=== Section Start ===
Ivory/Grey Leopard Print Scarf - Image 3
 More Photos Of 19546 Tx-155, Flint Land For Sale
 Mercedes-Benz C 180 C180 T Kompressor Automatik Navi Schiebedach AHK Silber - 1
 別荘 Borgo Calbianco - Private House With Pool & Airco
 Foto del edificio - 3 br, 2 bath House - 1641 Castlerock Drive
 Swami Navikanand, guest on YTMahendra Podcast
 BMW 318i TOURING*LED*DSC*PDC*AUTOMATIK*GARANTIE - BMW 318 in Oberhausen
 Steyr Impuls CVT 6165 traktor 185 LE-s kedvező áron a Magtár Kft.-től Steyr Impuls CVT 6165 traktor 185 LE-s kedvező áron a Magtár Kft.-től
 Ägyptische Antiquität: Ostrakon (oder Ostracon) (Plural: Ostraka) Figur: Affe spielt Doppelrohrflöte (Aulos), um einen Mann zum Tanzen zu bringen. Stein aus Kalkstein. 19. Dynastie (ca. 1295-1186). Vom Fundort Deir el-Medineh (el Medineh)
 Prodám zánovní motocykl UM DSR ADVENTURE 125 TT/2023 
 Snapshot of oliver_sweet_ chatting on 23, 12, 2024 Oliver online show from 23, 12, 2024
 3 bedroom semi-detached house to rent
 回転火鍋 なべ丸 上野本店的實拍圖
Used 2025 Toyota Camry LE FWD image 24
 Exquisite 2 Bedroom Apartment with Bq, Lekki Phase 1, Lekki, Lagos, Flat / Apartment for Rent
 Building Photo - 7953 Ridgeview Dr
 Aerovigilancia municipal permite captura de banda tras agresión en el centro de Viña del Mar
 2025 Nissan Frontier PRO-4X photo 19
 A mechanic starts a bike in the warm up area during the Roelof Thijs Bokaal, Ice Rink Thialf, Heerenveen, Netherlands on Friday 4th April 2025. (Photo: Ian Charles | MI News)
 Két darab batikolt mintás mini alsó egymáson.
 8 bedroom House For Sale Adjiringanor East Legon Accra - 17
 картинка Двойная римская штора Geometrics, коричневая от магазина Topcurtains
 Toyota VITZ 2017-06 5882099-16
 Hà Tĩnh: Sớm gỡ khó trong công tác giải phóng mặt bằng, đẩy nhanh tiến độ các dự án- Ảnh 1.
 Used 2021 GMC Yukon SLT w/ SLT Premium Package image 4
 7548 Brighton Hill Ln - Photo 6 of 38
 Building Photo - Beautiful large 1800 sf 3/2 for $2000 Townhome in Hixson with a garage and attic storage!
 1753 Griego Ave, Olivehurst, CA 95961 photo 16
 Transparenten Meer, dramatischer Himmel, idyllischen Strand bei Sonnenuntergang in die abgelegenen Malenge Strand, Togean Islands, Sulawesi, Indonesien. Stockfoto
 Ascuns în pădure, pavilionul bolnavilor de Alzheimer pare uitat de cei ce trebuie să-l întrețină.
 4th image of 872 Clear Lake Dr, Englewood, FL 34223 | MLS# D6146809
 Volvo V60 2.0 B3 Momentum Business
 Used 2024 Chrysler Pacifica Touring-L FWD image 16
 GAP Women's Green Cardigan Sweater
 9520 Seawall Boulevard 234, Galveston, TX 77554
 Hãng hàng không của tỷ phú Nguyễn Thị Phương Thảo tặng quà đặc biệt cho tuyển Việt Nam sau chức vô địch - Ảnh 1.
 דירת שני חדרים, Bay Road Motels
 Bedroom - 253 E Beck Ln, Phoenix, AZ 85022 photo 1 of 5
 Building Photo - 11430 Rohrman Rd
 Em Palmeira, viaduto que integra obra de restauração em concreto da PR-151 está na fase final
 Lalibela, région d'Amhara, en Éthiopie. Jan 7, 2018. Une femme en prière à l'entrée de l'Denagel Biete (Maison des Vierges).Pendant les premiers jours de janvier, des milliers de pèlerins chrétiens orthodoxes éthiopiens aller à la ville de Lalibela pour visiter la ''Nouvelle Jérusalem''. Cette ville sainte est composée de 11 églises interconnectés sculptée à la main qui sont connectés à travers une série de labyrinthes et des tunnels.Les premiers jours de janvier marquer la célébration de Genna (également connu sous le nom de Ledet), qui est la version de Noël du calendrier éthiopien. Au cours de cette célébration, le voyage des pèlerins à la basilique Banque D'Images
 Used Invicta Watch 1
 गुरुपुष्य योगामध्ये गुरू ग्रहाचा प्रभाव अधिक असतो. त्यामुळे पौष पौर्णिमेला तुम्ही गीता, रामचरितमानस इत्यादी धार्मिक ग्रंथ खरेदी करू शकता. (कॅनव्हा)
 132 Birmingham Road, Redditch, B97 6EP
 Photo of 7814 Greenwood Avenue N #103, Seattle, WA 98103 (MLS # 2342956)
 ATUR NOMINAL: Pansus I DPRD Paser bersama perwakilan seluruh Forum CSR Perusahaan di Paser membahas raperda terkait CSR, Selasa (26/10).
=== Section End ===
● Instructions to follow
Line count for the string "Road": please say how many lines in the entries above contain it, with no other words.

● Task answer
2